My progress into data science hasn’t been as linear as I had hoped since, but life (especially in these times) isn’t always a linear progression!

Nonetheless, I am here now and looking forward to learning with you (bear with me, I will need some time to warm up to this kind of writing). Without further adieu, here is my first data science article on Medium:

Introduction to the project

With the arrival of advanced analytics in the sports world, there has been a general tension regarding the efficacy of statistics for predicting a team or a player’s performance.

While some maverick sports veterans like Charles Barkley view analytics as “crap,” others among the newer, big-data school of thought, view statistics as a vital aspect of professional sports altogether (like Billy Bean and the Oakland A’s in the early 2000s).

But, who is more correct?

Is it a player’s feel for and experience with their sport that makes them win more than their opponents? Or, can we abstract their game to figures and stat-lines to predict future performance?

Goals

As a beginner statistician, I lie firmly on the Moneyball side of the argument. My ultimate goal is to prove the Charles Barkley’s of the world wrong and to demonstrate that large numbers can accurately predict a team’s or a player’s performance.

In this project, I hope to demonstrate this idea with entire NBA teams as my subjects. I will gather time-series data over decades regarding each team’s offensive and defensive production. I will then construct machine learning models to predict those NBA teams’ win counts at the end of any inputted season.

As we have only just passed the 1/3 mark of the 2020–21 season, this article’s predictions may prove intriguing come play-in series time (which are set for May). As such, I will re-run my models throughout the season and provide updates to my predictions in subsequent articles.

Data acquisition

As this is the beginning of my documented data science learning journey, I wanted to ensure that any data collection frameworks I created would be generalizable and relatively future-proof. This requirement was important to me because I wanted the ability to re-evaluate my projects in the future as I improve.

In the scope of this project, this meant creating a collection script that would be easy-to-use and that would work for future NBA seasons.

Before I talk about my data scraping framework, I’ll first discuss the data which I used to power this project.

In short, it all comes from the amazing basketball-reference.com.

Basketball-Reference is my go-to site for NBA stats. In addition to succinctly organizing information on each player and team, Basketball-Reference features a relatively simple backend HTML structure. This simpler HTML proved incredibly useful as my web-scraping script relied on BeautifulSoup to somewhat manually traverse it.

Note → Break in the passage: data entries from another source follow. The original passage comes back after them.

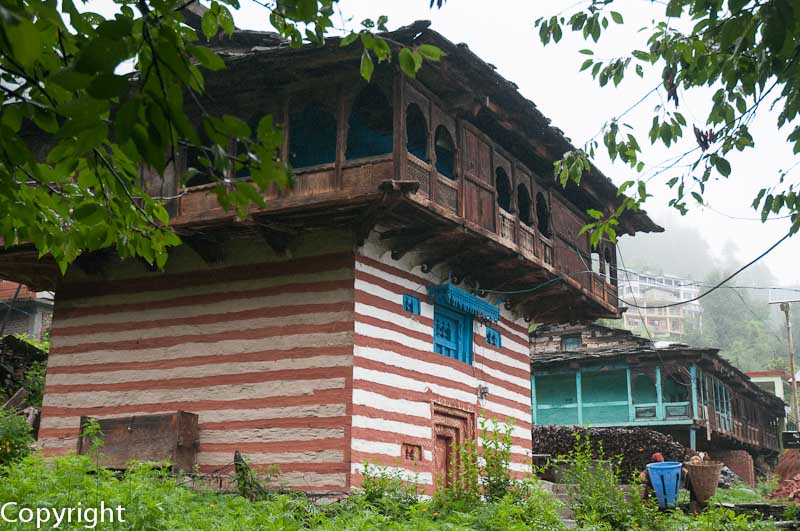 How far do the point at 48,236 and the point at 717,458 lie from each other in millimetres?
30611

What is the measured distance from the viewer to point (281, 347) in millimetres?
13016

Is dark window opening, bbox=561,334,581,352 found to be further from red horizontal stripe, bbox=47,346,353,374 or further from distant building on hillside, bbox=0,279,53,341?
red horizontal stripe, bbox=47,346,353,374

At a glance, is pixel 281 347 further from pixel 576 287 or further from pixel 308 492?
pixel 576 287

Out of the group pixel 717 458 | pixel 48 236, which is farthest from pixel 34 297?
pixel 48 236

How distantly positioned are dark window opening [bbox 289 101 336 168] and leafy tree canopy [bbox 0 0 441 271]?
8710 mm

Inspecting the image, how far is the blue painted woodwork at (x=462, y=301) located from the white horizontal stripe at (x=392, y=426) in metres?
2.14

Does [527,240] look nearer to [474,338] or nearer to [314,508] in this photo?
[474,338]

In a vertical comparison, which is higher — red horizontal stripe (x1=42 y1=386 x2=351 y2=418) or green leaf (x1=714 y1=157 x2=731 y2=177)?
green leaf (x1=714 y1=157 x2=731 y2=177)

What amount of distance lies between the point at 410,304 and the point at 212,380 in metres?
3.27

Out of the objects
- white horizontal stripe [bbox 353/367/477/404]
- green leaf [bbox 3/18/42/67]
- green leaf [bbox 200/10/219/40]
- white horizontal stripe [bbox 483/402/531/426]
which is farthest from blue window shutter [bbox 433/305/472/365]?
green leaf [bbox 3/18/42/67]

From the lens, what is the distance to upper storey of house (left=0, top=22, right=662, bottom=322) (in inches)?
480

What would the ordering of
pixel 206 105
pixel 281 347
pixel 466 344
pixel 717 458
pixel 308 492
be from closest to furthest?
pixel 308 492, pixel 281 347, pixel 206 105, pixel 466 344, pixel 717 458

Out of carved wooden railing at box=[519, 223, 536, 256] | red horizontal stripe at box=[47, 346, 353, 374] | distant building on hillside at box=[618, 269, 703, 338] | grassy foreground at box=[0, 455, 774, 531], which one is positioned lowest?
grassy foreground at box=[0, 455, 774, 531]

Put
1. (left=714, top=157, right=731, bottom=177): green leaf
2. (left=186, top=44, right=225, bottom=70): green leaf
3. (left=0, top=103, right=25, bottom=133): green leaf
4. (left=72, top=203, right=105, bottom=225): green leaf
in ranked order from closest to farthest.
A: (left=186, top=44, right=225, bottom=70): green leaf
(left=0, top=103, right=25, bottom=133): green leaf
(left=72, top=203, right=105, bottom=225): green leaf
(left=714, top=157, right=731, bottom=177): green leaf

After a brief exploration of Basketball-Reference for data that would operate well in my model, I stumbled upon what I consider to be the perfect webpage for this project. This ended up being the season summary pages. Linked here, Basketball-Reference season summary pages provide ample data on how each team performed both offensively and defensively in a given season. This page also contains potentially useful data like whether a certain team makes the playoffs, how many wins they had, and so much more.

This singular webpage contained so much useful data for this project that I ended up gathering from it 51 potentially relevant independent variables for my models (which I will likely need to trim down).

This deep dive into web scraping with Python proved both tedious and incredibly useful as a learning opportunity. For any inexperienced data scientists like myself starting out on independent projects, I recommend working on ones that implement web scraping in some way. Using packages like BeautifulSoup is useful not only constructive for learning the in’s and out’s of grabbing data from external sources, but also serves as an excellent opportunity to gain an understanding of how webpages are structured through HTML, CSS, and javascript in the backend.

One of the many challenges in scraping NBA team data was that Basketball-Reference stowed away the data I was looking for into HTML comment blocks. I won’t go very deeply into the challenges like these that I encountered for fear of putting my readers to sleep. However, I’ve documented these challenges more thoroughly as comments on my actual script, ScrapeNBATeamData.py (linked here and below).

tl;dr
The result of my efforts is a generalizable script that given a range of two years between 1970 and the modern-day, returns a Pandas dataframe of cleaned team stats.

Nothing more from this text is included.